EXPECTATIONS ABOUT DANGOTE REFINERY INAUGURATION ARE EXTREMELY EXAGGERATED

From Editorial Board, Africa Oil+Gas Report

 

 

The ceremony around the planned visit by the Nigerian President to the Dangote Refinery on May 22, 2023, will peak with a cutting of the ribbon, inaugurating the 650,000 Barrels per stream Day Plant, located in the Eastern flank of Lagos, the country’s commercial city.

 

 

EXPECTATIONS ABOUT DANGOTE REFINERY INAUGURATION ARE EXTREMELY EXAGGERATED

 

 

Everyone, it seems, look forward to the production of petroleum products from the plant after that symbolic activity.

 

 

 

 

But it will not happen.

As President Muhammadu Buhari leaves office a week after commissioning one of the largest single train hydrocarbon processing plants on the planet, he could be forgiven for believing he had had his wish to be in such a large place but technology does not sit well with politics.

The ongoing technical commissioning process has not gotten anywhere close to the point of introducing raw hydrocarbon into the plant, let alone delivering petroleum products.

One key challenge of Nigeria’s chattering classes is that they hardly look up the regulation. Hydrocarbon will be introduced only when the Nigerian Midstream Downstream Regulatory Agency (NMDPRA) approves and issues Licence To Operate the Refinery to Dangote.

Speculations about inauguration and commissioning are just, well, speculations. Both words do not appear anywhere in the Procedure to License a Refinery in the Nigerian law.

The three stages are:

License to establish a Refinery

Approval to construct Refinery

License to Operate the Refinery

Nowhere does inauguration or commissioning appear.

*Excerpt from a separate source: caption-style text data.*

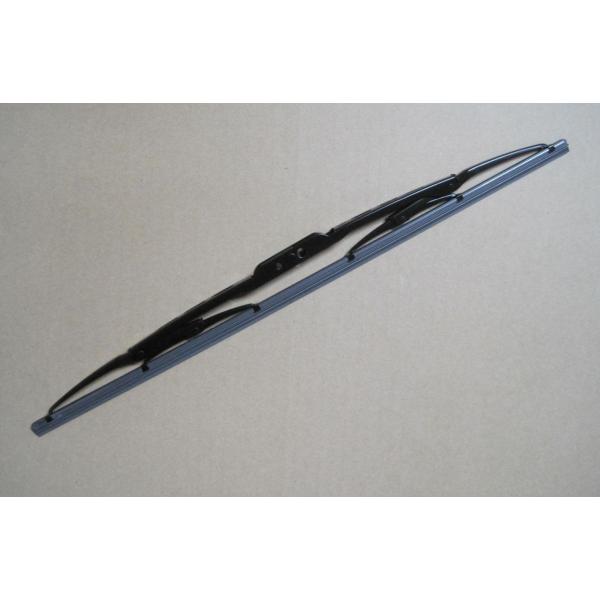 ccsmstore_piitowa-kunatu350_1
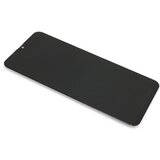  lcd za samsung m205 galaxy m20 + touchscreen black ( LCD4515 ) Cene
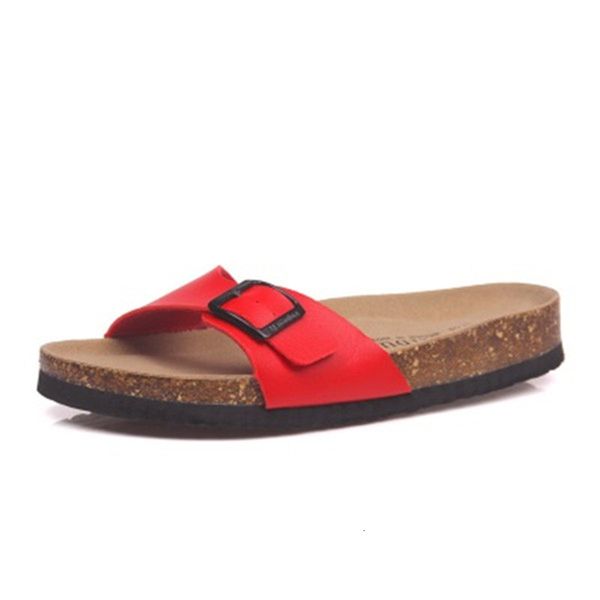slippers summer style shoes mens ortic sandals cork slipon casual classics flip flop size 3545 black brown white pink 230711
slippers summer style shoes mens ortic sandals cork slipon casual classics flip flop size 3545 black brown white pink 230711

So the Refinery can be inaugurated or commissioned as the Licensee desires, as long as no attempt is made to operate the Refinery by introducing crude oil and make products for sale, it does not concern NMDPRA.

The claim that some “large sub-sea pipeline infrastructure connected to Oil and Gas blocks in the Niger Delta region for supply of crude feedstock” is a false narrative. What’s in the plan is that Single Point Mooring (SPM) buoys will play the transportation role in input crude delivery and output petroleum products.

We live in a society where optics trumps everything. Buhari has been president for 8 of the 9 years that the Refinery project has been on. What is wrong with Dangote asking the President to inaugurate the Refinery so his name is on the marble when the Refinery becomes fully operational? Afterall no law will be breached by such gesture?

That said, Aliko Dangote the billionaire owner of the Refinery is determined that the 19billion-dollar project, the second of his three, hydrocarbon processing mega projects (Fertilizer, Refinery and Petrochemicals) is delivered by end of 2023.

The technical work has gone far, involving trial-running every single equipment, which has taken a while because of the lengthy time of construction. Some equipment were installed six years ago, and were just standing there in the air, water or even underground. Anything, literally could have happened.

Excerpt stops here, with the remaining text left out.